Overall Design

Layered

TPU-MLIR treats the compilation process of the network model in two layers.

Top Dialect: Chip-independent layer, including graph optimization, quantization and inference, etc.
Tpu Dialect: Chip-related layer, including weight reordering, operator slicing, address assignment, inference, etc.

The overall flow is shown in the (TPU-MLIR overall process) diagram, where the model is gradually converted into final instructions by Passes. Here is a detailed description of what functions each Pass does in the Top layer and the Tpu layer. The following chapters will explain the key points of each Pass in detail.

Top Pass

Canonicalize: Graph optimization related to specific OP, such as merging relu into conv, shape merge, etc.
Calibration: According to the calibration table, insert min and max for each OP for subsequent quantization. Insert threshold for symmetric quantization.
Lowering: Lower the OP to the tpu layer according to the quantization type.
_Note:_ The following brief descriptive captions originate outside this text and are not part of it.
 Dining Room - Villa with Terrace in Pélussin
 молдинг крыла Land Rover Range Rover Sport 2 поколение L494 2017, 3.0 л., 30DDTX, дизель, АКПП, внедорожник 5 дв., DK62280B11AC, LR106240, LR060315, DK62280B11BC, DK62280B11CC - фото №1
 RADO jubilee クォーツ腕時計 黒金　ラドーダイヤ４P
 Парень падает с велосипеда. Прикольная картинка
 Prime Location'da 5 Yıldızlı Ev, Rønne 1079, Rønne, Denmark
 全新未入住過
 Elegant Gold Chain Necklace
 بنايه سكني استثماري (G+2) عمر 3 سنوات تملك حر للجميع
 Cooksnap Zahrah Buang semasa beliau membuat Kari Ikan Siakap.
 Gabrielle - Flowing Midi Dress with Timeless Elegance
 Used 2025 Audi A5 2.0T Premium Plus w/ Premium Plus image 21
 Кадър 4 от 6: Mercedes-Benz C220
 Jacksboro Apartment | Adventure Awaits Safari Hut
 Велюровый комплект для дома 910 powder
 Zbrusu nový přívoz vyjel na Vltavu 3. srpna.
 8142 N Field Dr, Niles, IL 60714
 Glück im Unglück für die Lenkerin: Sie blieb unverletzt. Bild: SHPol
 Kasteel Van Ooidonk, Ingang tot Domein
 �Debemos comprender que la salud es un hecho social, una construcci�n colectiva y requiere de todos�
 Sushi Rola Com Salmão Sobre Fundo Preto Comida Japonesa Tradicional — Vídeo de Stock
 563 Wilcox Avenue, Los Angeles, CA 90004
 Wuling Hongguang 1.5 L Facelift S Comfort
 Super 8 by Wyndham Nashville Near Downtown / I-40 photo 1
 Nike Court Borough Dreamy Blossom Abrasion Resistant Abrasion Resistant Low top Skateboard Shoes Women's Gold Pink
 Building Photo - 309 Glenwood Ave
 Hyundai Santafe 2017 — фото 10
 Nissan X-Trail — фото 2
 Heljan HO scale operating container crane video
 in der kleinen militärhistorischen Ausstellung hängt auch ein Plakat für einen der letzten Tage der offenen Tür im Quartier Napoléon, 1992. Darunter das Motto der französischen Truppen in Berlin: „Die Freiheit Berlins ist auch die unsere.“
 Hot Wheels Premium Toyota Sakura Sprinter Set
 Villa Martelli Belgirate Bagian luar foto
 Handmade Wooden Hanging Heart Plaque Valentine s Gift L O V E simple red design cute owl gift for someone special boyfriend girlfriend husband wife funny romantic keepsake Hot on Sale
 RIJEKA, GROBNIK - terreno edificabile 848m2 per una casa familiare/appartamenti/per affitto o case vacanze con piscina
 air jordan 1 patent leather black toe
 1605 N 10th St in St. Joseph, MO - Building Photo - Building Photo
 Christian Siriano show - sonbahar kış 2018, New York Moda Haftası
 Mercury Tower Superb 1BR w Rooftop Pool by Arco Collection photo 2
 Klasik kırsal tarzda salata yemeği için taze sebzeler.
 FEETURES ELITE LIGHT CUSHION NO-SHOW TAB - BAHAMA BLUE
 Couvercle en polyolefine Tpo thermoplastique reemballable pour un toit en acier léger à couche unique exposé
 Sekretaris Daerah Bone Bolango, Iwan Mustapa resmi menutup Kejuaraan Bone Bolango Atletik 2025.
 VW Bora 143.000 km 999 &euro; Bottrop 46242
Supported types are F32/F16/BF16/INT8 symmetric/INT8 asymmetric.

Tpu Pass

Canonicalize: Graph optimization related to specific OP, such as merging of consecutive Requants, etc.
WeightReorder: Reorder the weights of individual OP based on chip characteristics, such as filter and bias for convolution.
Subnet: Split the network into different subnets according to TPU/CPU, if all operators are TPU, there is only one subnet.
LayerGroup: Slice the network so that as many OPs as possible are computed consecutively in the local mem.
MemAssign: Assign addresses to the OPs that need global mem.
CodeGen: Use Builder module to generate the final model in flatbuffers format.